To prepare for the future, the defense sector soon has to find ways to stem the brain drain, a crisis that has been predicted for years.
“Smart young people don’t want to work in an environment filled with inertia and no ability to stay current and on the technical edge,” said A.J. Clark, CEO of Thermopylae, a small information-technology contractor that works with defense and intelligence agencies.
Young IT engineers, he said, “see little future in the defense industry and are looking to other industries to flex their technical muscle.” In his own company, where about 40 percent of the business comes from federal contracts, “our challenge is to keep the innovative engineers interested in solving problems for the government,” Clark said. Because the government is late to embrace the latest technologies in hot areas — such as mobile, cloud computing and data analysis — the brighter and more skilled employees get frustrated, he said. For contractors, one solution is to capture commercial work to keep engineers motivated and up-to-date with technology.

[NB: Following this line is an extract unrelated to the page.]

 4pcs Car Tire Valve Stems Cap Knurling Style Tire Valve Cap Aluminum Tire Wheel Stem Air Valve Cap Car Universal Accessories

Many high-tech firms are dismayed to see the Defense Department getting away from the cutting edge of technology, said Clark. “People [in government] are more careful, and concerned about taking any kind of risk.” But there is still hope that innovation eventually will make a comeback eventually, said Clark. “I foresee decision makers having a strong appetite to catch back up. There will be opportunities once resources break loose. It takes money to transition from one technology to the next.”

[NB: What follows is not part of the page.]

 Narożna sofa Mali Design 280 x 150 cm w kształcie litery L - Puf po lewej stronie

With a budget agreement in place and the prospect of two drama-free fiscal years, defense industry has reason to be optimistic. But the sector is still in for painful retrenching. Defense and aerospace firms have shed at least 160,000 jobs over the past five years, and an anticipated wave of corporate mergers and acquisitions could increase the pink slip toll.
The Pentagon’s top suppliers have been preparing for a downturn for several years. Lockheed Martin Corp., the nation’s largest defense contractor, shrank its workforce from 146,000 employees to 116,000 since 2008. More layoffs are scheduled for 2015. The nature of federal contracting is such that the repercussions of program cancellations and delays take years to trickle down to the industrial base.
Industry advocates worry that the Pentagon and Congress have not yet fully grasped the perilous state of the defense sector. Just because the stock prices of a handful of defense companies are at historic highs does not mean companies are “sitting here, fat, dumb and happy,” Marrone said. “There has been an enormous amount of effort to scale down operations, doing things that the Defense Department has been talking about doing but hasn’t done in an effective way.” The job losses are real, he said. “The industrial base is not made up of six companies.” There are thousands of small companies whose fate is uncertain.
The newly signed budget agreement certainly softens the decline in defense spending. For industry, one bright spot in the agreement is that it stabilizes defense spending above historical levels. Another is an attempt by legislators to push forward politically tough spending reforms that could benefit industry in the long run. To offset some of the sequester rollbacks, the budget deal calls for cost-of-living adjustments to military pensions to be reduced to 1 percent below inflation for retirees under the age of 62. Supporters of the hugely politically unpopular measure argue that these are moderate reductions considering that, since 2000, military personnel costs have doubled while the active-duty force has shrunk by 10 percent.
Even this relatively small adjustment to military benefits is remarkable, Rumbaugh noted, because it constitutes a transfer of spending from personnel costs to operations and modernization. This budget deal, he said, is a “heck of a holiday present for the defense establishment.”